Vipin Chaudhary is bringing an advanced computing system to campus and wants to democratize artificial intelligence.

Photo of Vipin Chaudhary leaning against the edge of a deck in an office.Photo: Matt Shiffler
Vipin Chaudhary

Vipin Chaudhary, PhD, came to Case Western Reserve in 2020, tapped after a national search to lead the newly created Department of Computer and Data Sciences as its Kevin J. Kranzusch Professor. Now he’s aiming to make the university a leader in artificial intelligence (AI). This summer, Chaudhary is bringing a supercomputing system to campus that he expects will allow AI tasks to be done at least 10 times faster and benefit more than 250 researchers. He’s also playing a key role in a new $20 million multi-institution initiative to build AI for systems for more users.

Previously the program director for the National Science Foundation’s Directorate for Computer and Information Science and Engineering, Chaudhary has been an entrepreneur and executive, and held prior faculty positions. He recently spoke with Think about expanding his department, which was established with a $5 million gift from Kevin Kranzusch (CWR ’90), who last year committed another $5 million to accelerate its progress.*

What’s at the top of your department to-do list?

Our first priority is to focus our growth in specific areas. We only have 14 faculty [members]. Our small size means we can’t focus on all research areas—but we can excel in a few specialized areas of study and become the go-to place for that.

Which areas?

We’re starting with AI and machine learning.
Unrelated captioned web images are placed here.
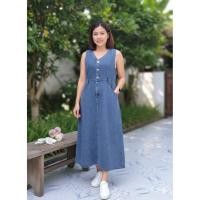 ราคา เดรสยีนส์ยาว size l แขนกุดสียีนส์ฟอก 302 (29128951344)
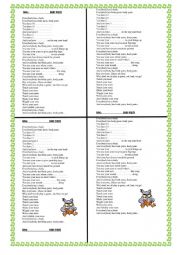 English Worksheet: BODY SONG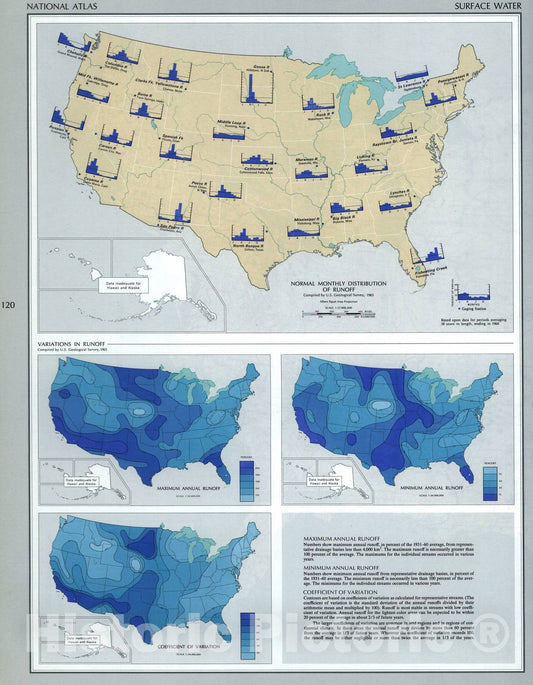 Historic 1970 Map - The National Atlas of The United States of America. - Surface Water (Continued)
Those are kind of buzzwords, but there are so many foundational computer science skills involved in them. There’s huge demand for people who can work with AI. I want to make Case Western Reserve the first place people think of when they mention data science and AI research.

How has the department grown since you arrived?
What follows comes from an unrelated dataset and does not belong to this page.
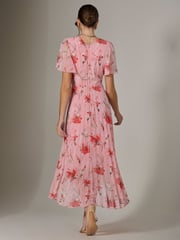 Jolie Moi Light Pink Angel Sleeve Pleated Chiffon Maxi Dress - Image 1 of 5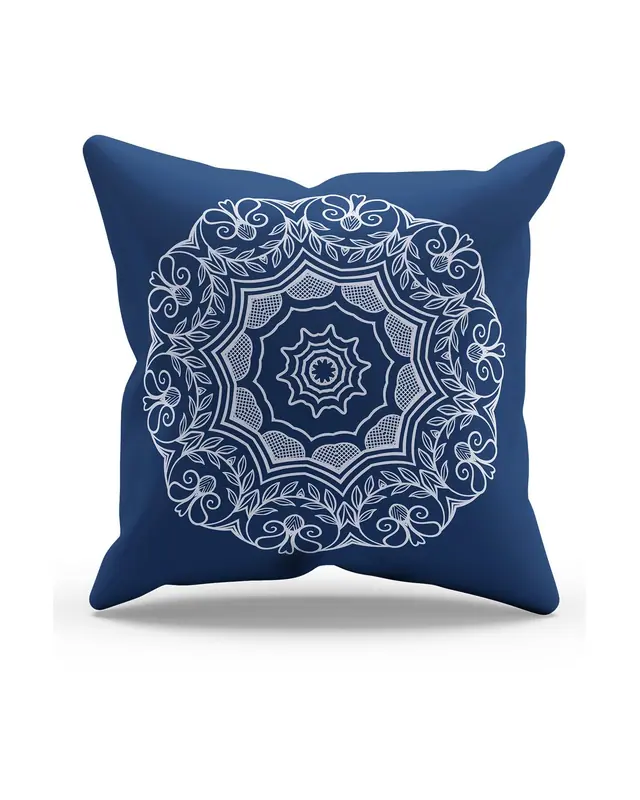 Navy Mandala Line Pattern Double-Sided Printed Suede Cushion Cover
Computer science is [one of] the largest majors in the university. Data science started only a couple of years ago, and the growth curve has just been tremendous. Our [undergraduate] enrollment has gone up nearly 30% in the last five years, and our research funding has also grown significantly.
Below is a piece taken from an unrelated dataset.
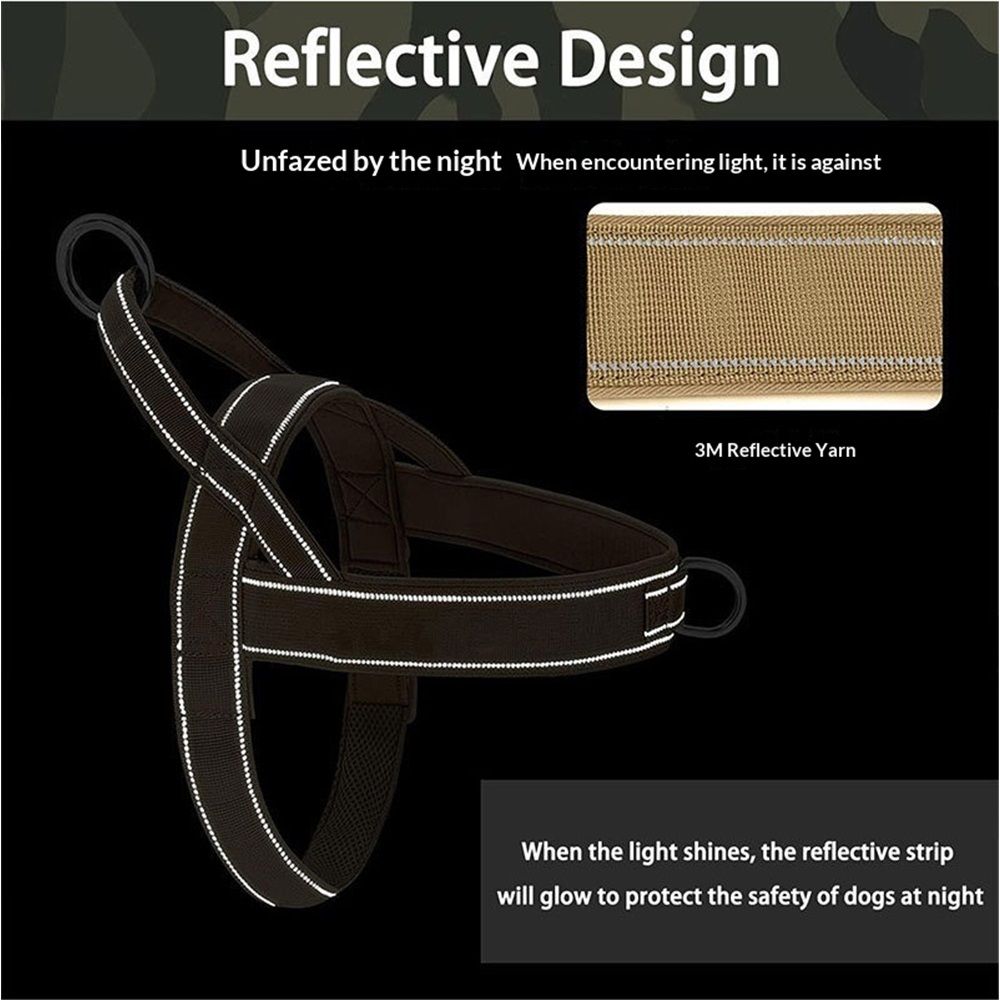 Pet No Pull Dog Harness with Padded, Adjustable Reflective Escape Proof Dog Harness, Quick Fit Dog Vest Harness for Small Medium Large Dogs(M, Black)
Why was bringing an AI supercomputing system to campus a priority?

To do effective, meaningful, impactful research today, you need to have a major supercomputing infrastructure. The amount of data that researchers can generate today is staggering. To make sense of it, you need some way of sorting through it and finding patterns. That’s where AI excels. But learning to find such patterns in massive data requires a huge amount of computing power.

Now that we will soon have that infrastructure in place, many disciplines across the university can benefit from it—physicists who are simulating the universe, genomics experts trying to understand complex diseases, social scientists combing through massive amounts of social media data; the list goes on.

You also are a leader in a new institute seeking to apply AI to areas including agriculture and forestry. How do those areas fit with your goals?

Those fields are actually just a starting point, not a destination. The real goal is to democratize AI. At the moment, AI is not easy to use unless you’re an expert. But farmers that use drones to survey their fields shouldn’t have to analyze raw sensor data; they should just be able to get answers to high-level questions that help them do their job: What should I be growing here? Do I need to fertilize this crop today? In that sense, the research we’re collaboratively doing could be applied to almost any field. Getting CWRU involved at a very high level will help establish us as a leader in the AI space.

— David Levin

A Large and Growing Department

Computer and Data Sciences is one of the university’s largest departments. This spring, it had more than 570 undergraduate majors and minors, about 100 master’s students and 50 PhD candidates.

*This conversation was edited for length.